The unity and breadth of mathematics – from Diophantus to today
Lecture 1: What is it that unifies mathematics?
Tuesday, 11 September 2018, 5.00 p.m.
Abstract: Is mathematics unified? Does it matter? And are there useful ways to think about these questions? Geometry as algebra and lgebra as geometry – these metaphors have been with us since ancient times and and the sheer wonder has never faded. Nowadays, mathematicians are attempting to join great mathematical fields – each with their own distinct brand of intuition – into grand syntheses enjoying intuitive power not matched by any single field alone. The Langlands Programme is one on-going example of this. Model theory offers a majestic and unified overview of the fundamental syntax we use. Powerful computing is now at the heart of many theoretical pursuits. There is a resurgence of interest in what is called arithmetic statistics (which I will describe). And the range of our applications is expanding.

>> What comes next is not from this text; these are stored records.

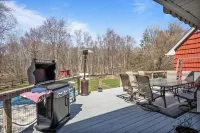 Spacious Home w/Pool/Hot Tub, Mins to Parks/Skiing Các khách sạn ở Monroe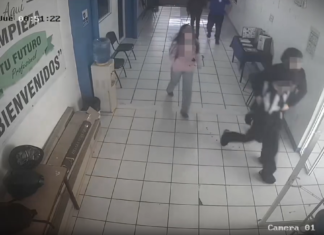 Compañeros sometieron a alumno tras ataque en preparatoria de Lázaro Cárdenas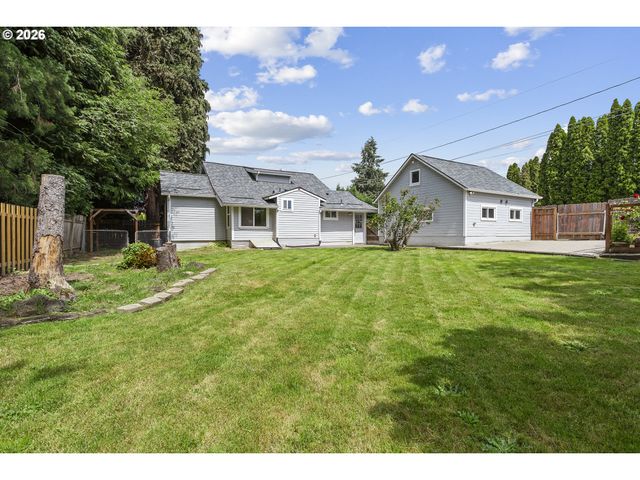 4810 Se HULL Ave, Milwaukie, OR 97267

I will give an overview of these issues and the questions they raise.
Lecture 2: New issues, and expectations, in the study of rational points
Wednesday, 12 September 2018, 2.15 p.m.
Abstract: Since Diophantus the question of rational solutions to polynomial equations has gripped the imagination of mathematicians, and yet we are – now in 2018 – still attempting to understand the general lay of the land. There are questions we confront for which we still don’t have the experience to conjecture their answer, let alone answer them. I will give an overview of this, as well as recent work on arithmetic statistics – i.e., the study of specific, or general families of curves or abelian varieties in terms of the statistical behavior of their Diophantine properties. This is largely due to Manjul Bhargava and his co-authors. I will discuss how this connects with, and sharpens, our more general expectations.
Lecture 3: Diophantine stability and the vanishing of L-functions at the central points
Wednesday, 12 September 2018, 4.30 p.m.
Abstract: A curve, X, over a number field K is Diophantine Stable for the extension L/K if X acquires no 'new' rational points when one makes the base change from K to L; i.e., if X(L) = X(K). How 'frequently' does this happen? I will discuss joint work with Karl Rubin regarding the statistics related to Dirichlet L-functions and L-functions of elliptic curves and abelian varieties, and our results on Diophantine stability.